What About Reverse ETL?
A newer pattern called Reverse ETL completes the loop by sending transformed warehouse data back to operational tools like Salesforce, HubSpot, or Intercom. Tools like Census and Hightouch handle this.
[Sources] --> [ELT: Fivetran + dbt + Snowflake] --> [BI Tools] | v [Reverse ETL: Census / Hightouch] | v [Salesforce, HubSpot, Slack, etc.]This is only possible because ELT keeps all the transformed data in the warehouse, making it available for both analytics and operational use cases.

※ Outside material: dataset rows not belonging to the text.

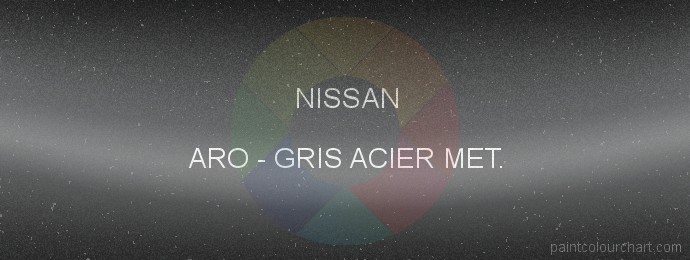 Nissan paint ARO Gris Acier Met.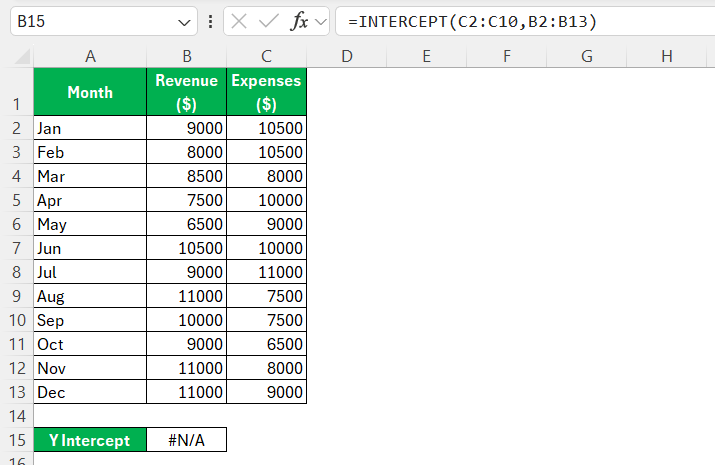 Calculate X Intercept in Excel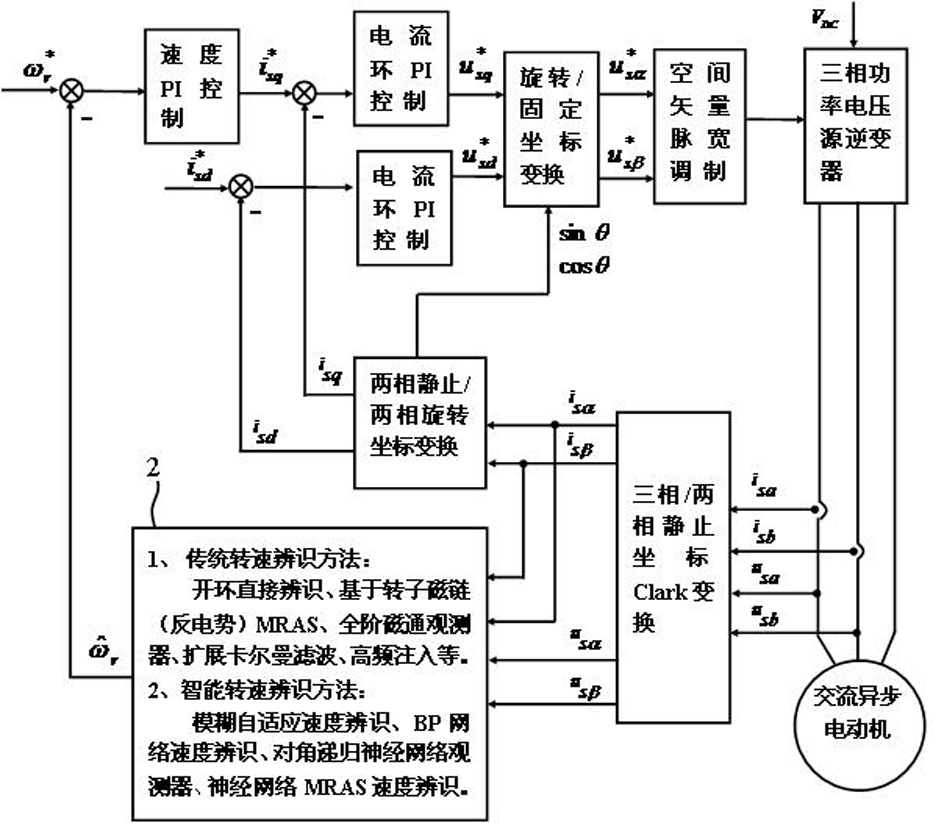 Fuzzy fusion identification method of rotating speed of sensorless motor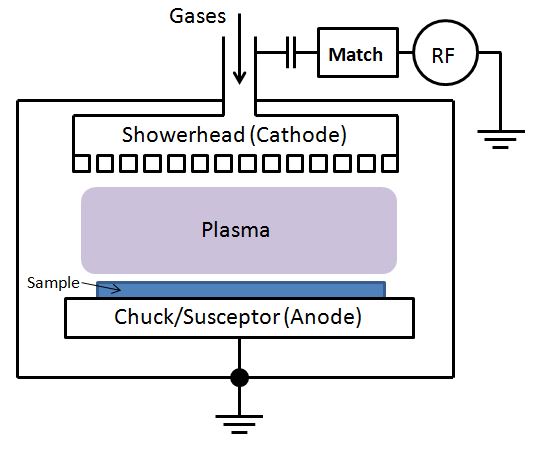 Plasma-Enhanced Chemical Vapor Deposition 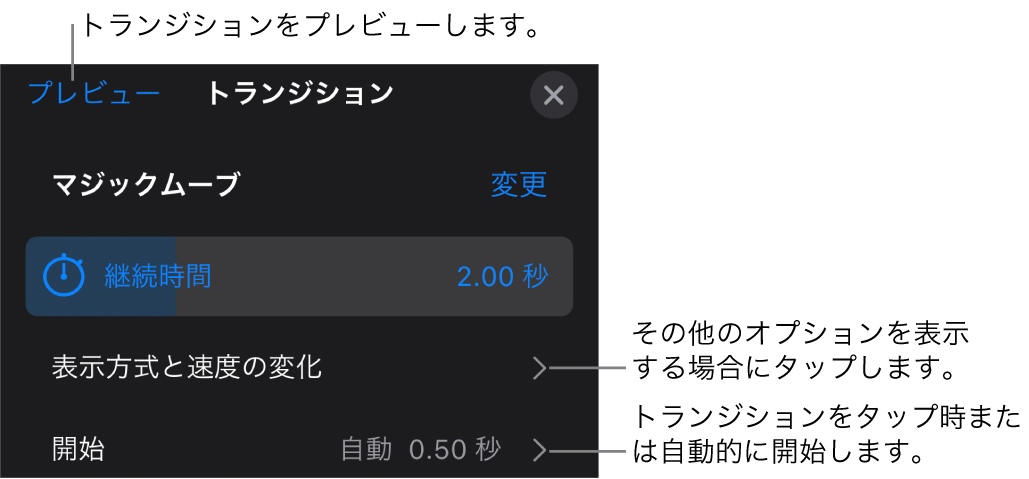 「トランジション」パネルに表示されている「マジックムーブ」コントロール。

When ETL Still Makes Sense
ELT is the better choice for most teams today, but there are situations where ETL still applies:
- Sensitive data — If you cannot store raw data in the cloud due to compliance requirements, you may need to anonymize or mask fields before loading
- Legacy systems — On-premise warehouses with limited compute capacity
- Very large binary files — Video, audio, or large documents that need processing before storage
For everything else — especially if you are working with a cloud warehouse — ELT is the simpler, more maintainable approach.
2025-2026 Perspective
The ETL vs ELT debate is largely settled in the industry. Major cloud vendors and tooling providers have all aligned around ELT. A few developments worth noting:
Streaming ELT — Tools like Confluent and dbt’s integration with streaming platforms are making near-real-time ELT viable, closing one of the traditional gaps between ETL and ELT.
dbt Python models — For transformations that cannot be expressed cleanly in SQL (ML feature engineering, API calls, complex string processing), dbt now supports Python model files that run inside warehouse-native Python environments like Snowpark or BigQuery DataFrames.

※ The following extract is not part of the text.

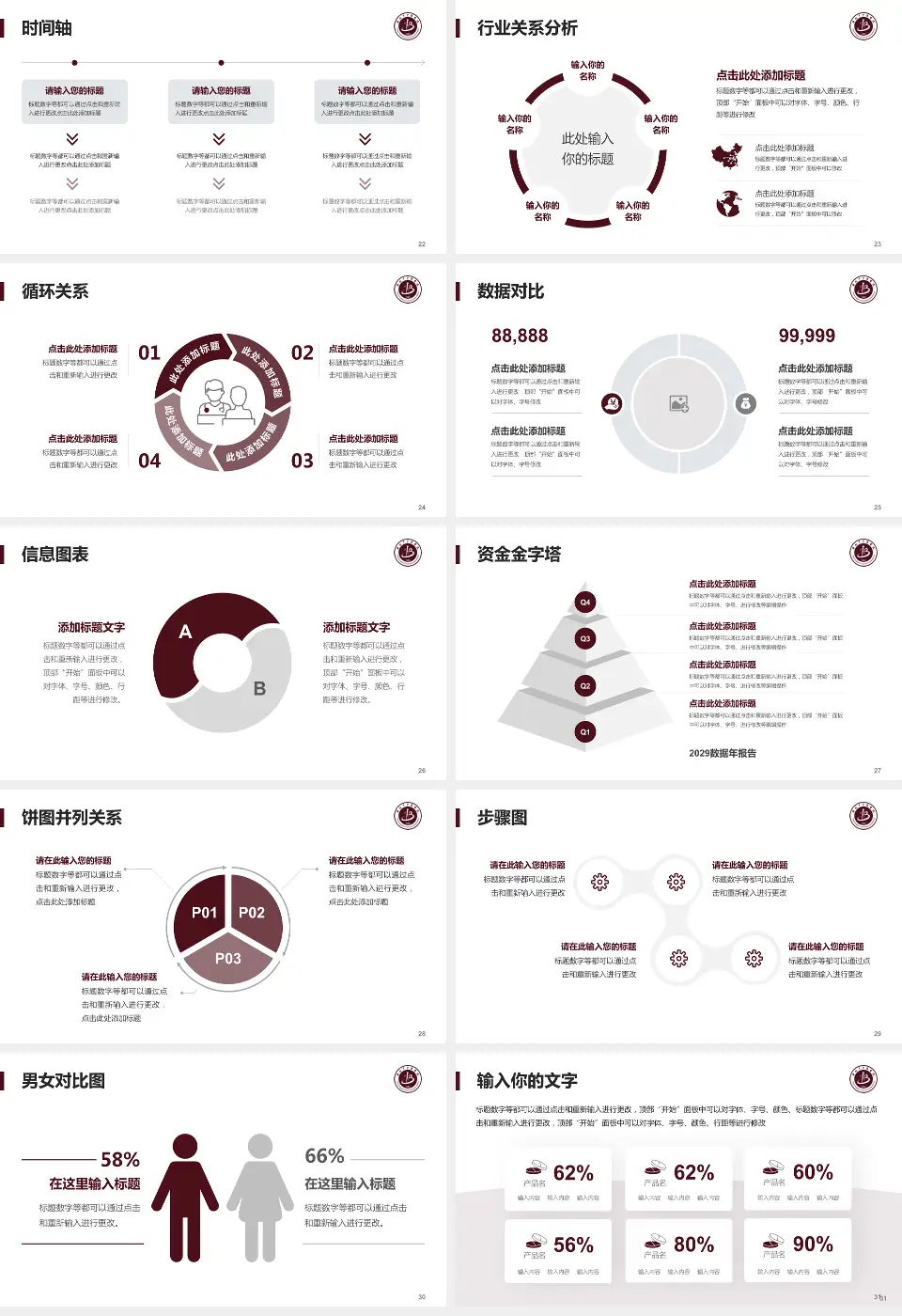 淮北市中医医院医院管理报告PPT模板16:9格式幻灯片预览图4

Data contracts — Teams are increasingly defining explicit contracts on raw source tables, specifying expected schemas, row counts, and freshness. This makes ELT pipelines more robust by catching upstream changes before they break downstream models.

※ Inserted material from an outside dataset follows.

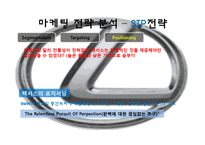 [국제마케팅] 도요타 렉서스(Toyota Lexus) 북미 시장 성공 사례-16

Interview Q&A Quick Reference
| Question | Short answer |
|---|---|
| What is ETL? | Transform before loading into the warehouse |
| What is ELT? | Load raw first, then transform inside the warehouse |
| Why is ELT faster to iterate on? | SQL in the warehouse is easier to change than ETL server jobs |
| Where does dbt fit? | dbt is the T in ELT |
| Common ELT tools? | dbt, Fivetran, Airbyte, Snowflake, BigQuery |
| Common ETL tools? | Informatica, Talend, IBM DataStage, SSIS |
| When would you still use ETL? | Compliance masking, legacy on-prem, binary file processing |
The shift from ETL to ELT reflects a broader change in how data infrastructure works. Storage is cheap, cloud compute scales on demand, and SQL is universal. Keeping raw data in the warehouse and transforming it with version-controlled, tested SQL models is simply better engineering practice for the vast majority of modern data teams.